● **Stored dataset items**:

——————————

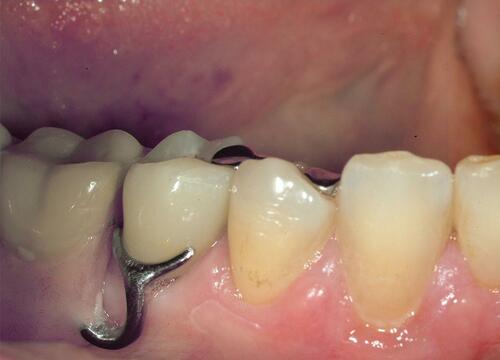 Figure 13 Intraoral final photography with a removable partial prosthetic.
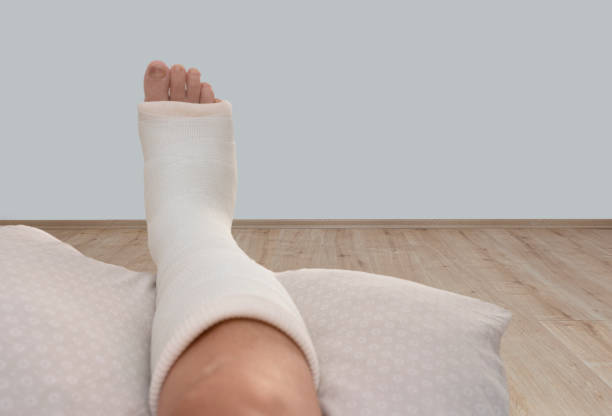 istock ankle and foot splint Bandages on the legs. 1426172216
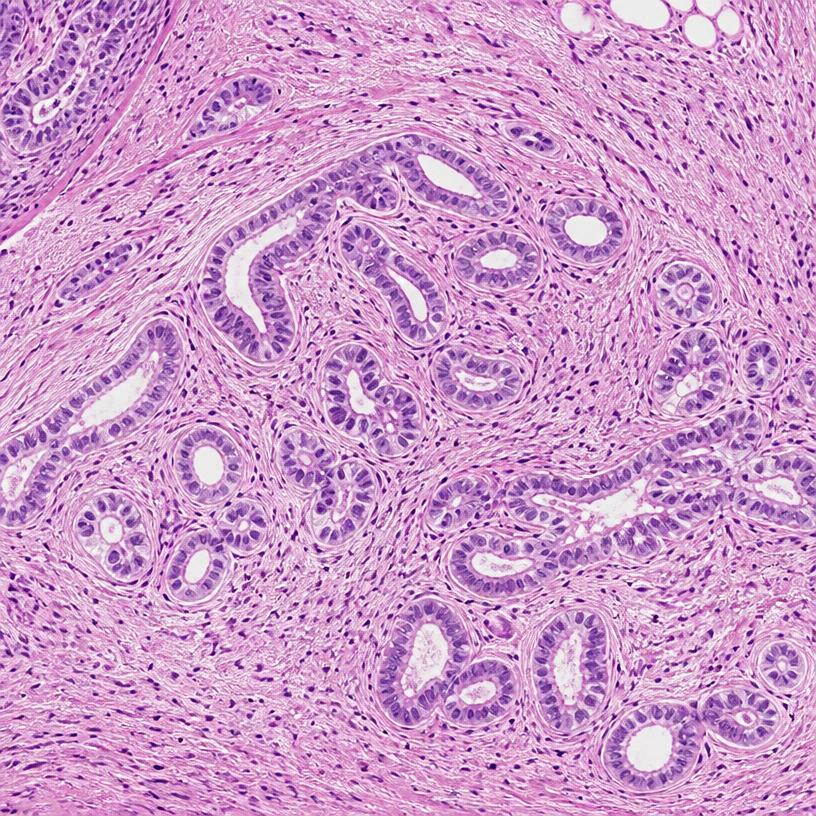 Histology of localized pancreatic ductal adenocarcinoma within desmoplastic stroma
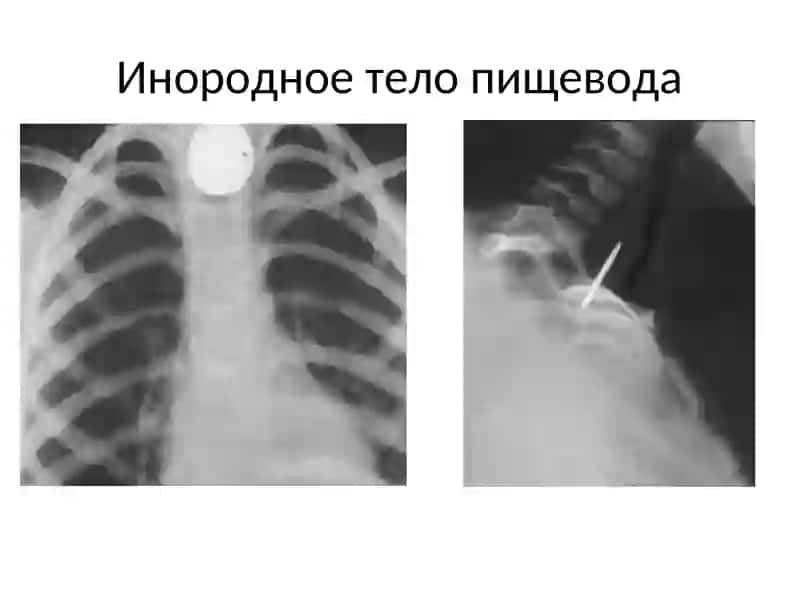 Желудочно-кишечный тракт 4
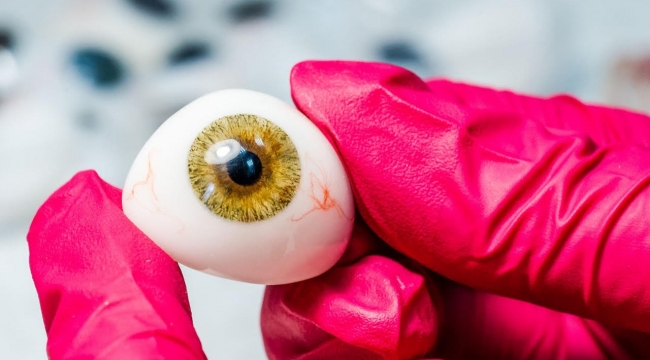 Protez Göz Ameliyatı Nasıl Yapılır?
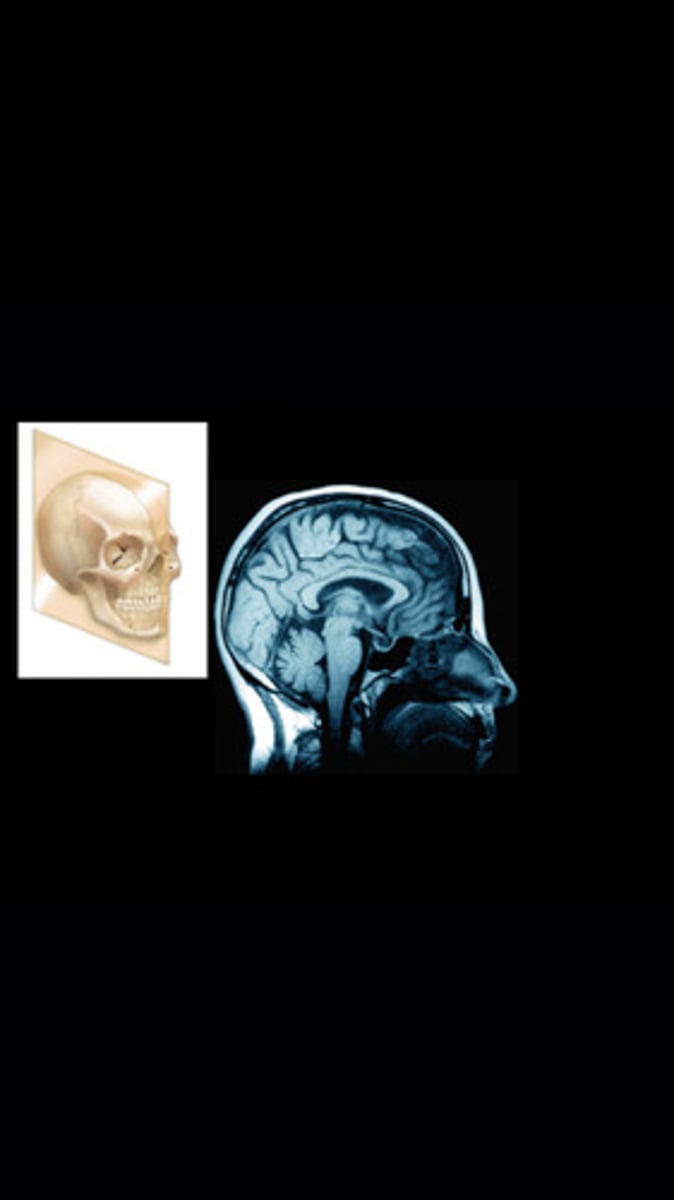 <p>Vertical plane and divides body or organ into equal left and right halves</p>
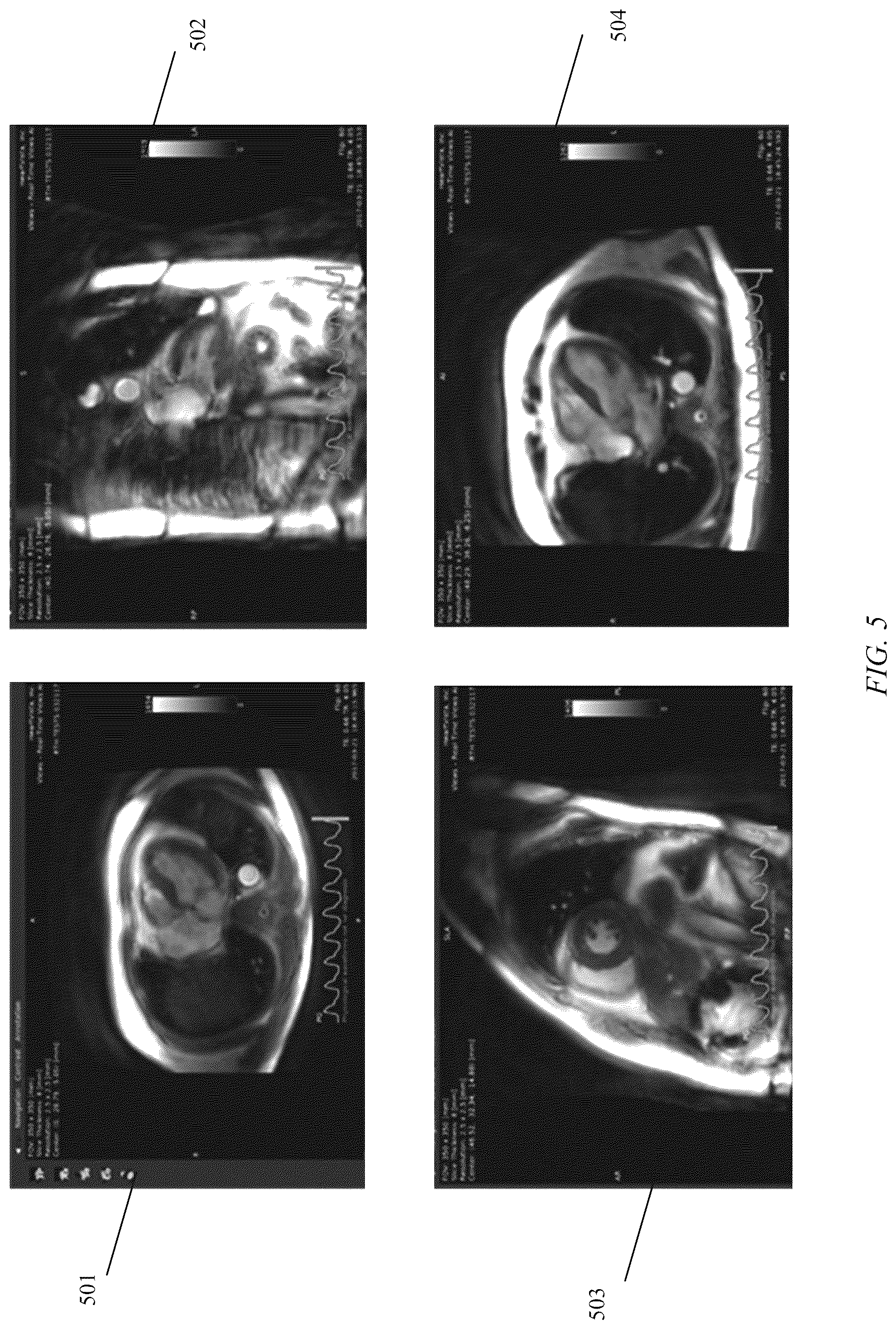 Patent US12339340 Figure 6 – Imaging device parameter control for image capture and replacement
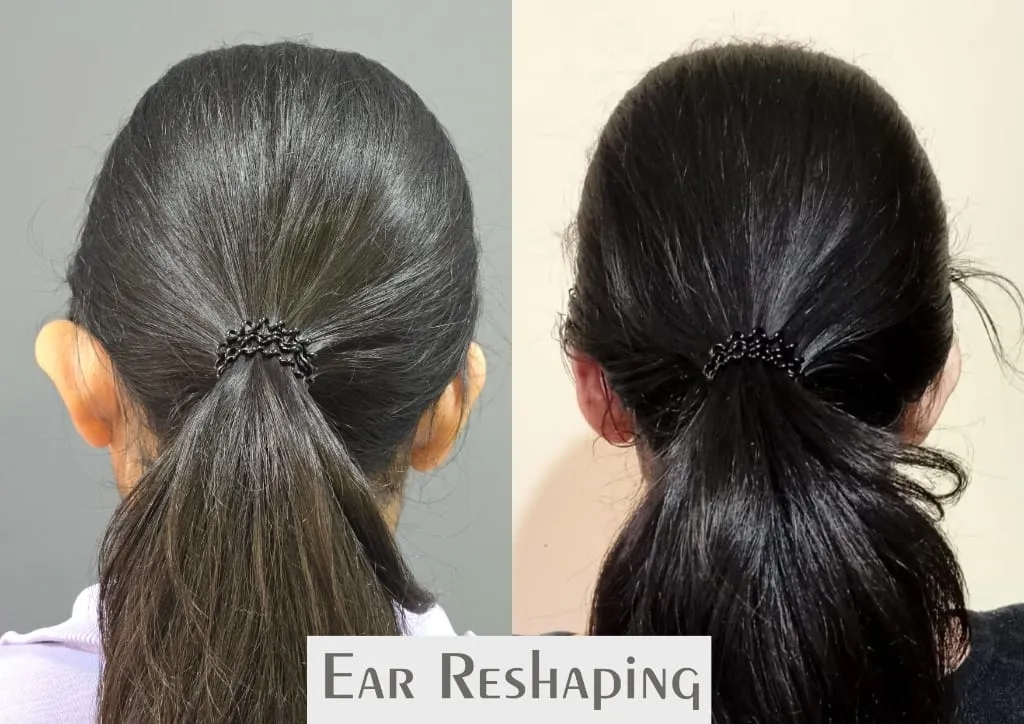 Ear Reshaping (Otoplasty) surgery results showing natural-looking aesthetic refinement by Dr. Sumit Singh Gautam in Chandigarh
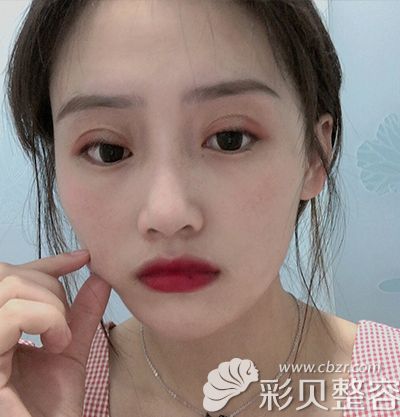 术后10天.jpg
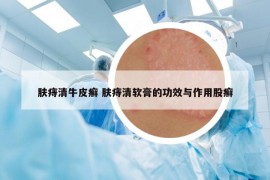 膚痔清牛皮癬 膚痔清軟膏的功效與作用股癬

——————————

● **AIM OF THE EXERCISE**: Copy out all the entries exactly. Images stay out of the copy.

● **RESULT OF THIS TASK**:
 Figure 13 Intraoral final photography with a removable partial prosthetic.
 istock ankle and foot splint Bandages on the legs. 1426172216
 Histology of localized pancreatic ductal adenocarcinoma within desmoplastic stroma
 Желудочно-кишечный тракт 4
 Protez Göz Ameliyatı Nasıl Yapılır?
 <p>Vertical plane and divides body or organ into equal left and right halves</p>
 Patent US12339340 Figure 6 – Imaging device parameter control for image capture and replacement
 Ear Reshaping (Otoplasty) surgery results showing natural-looking aesthetic refinement by Dr. Sumit Singh Gautam in Chandigarh
 术后10天.jpg
 膚痔清牛皮癬 膚痔清軟膏的功效與作用股癬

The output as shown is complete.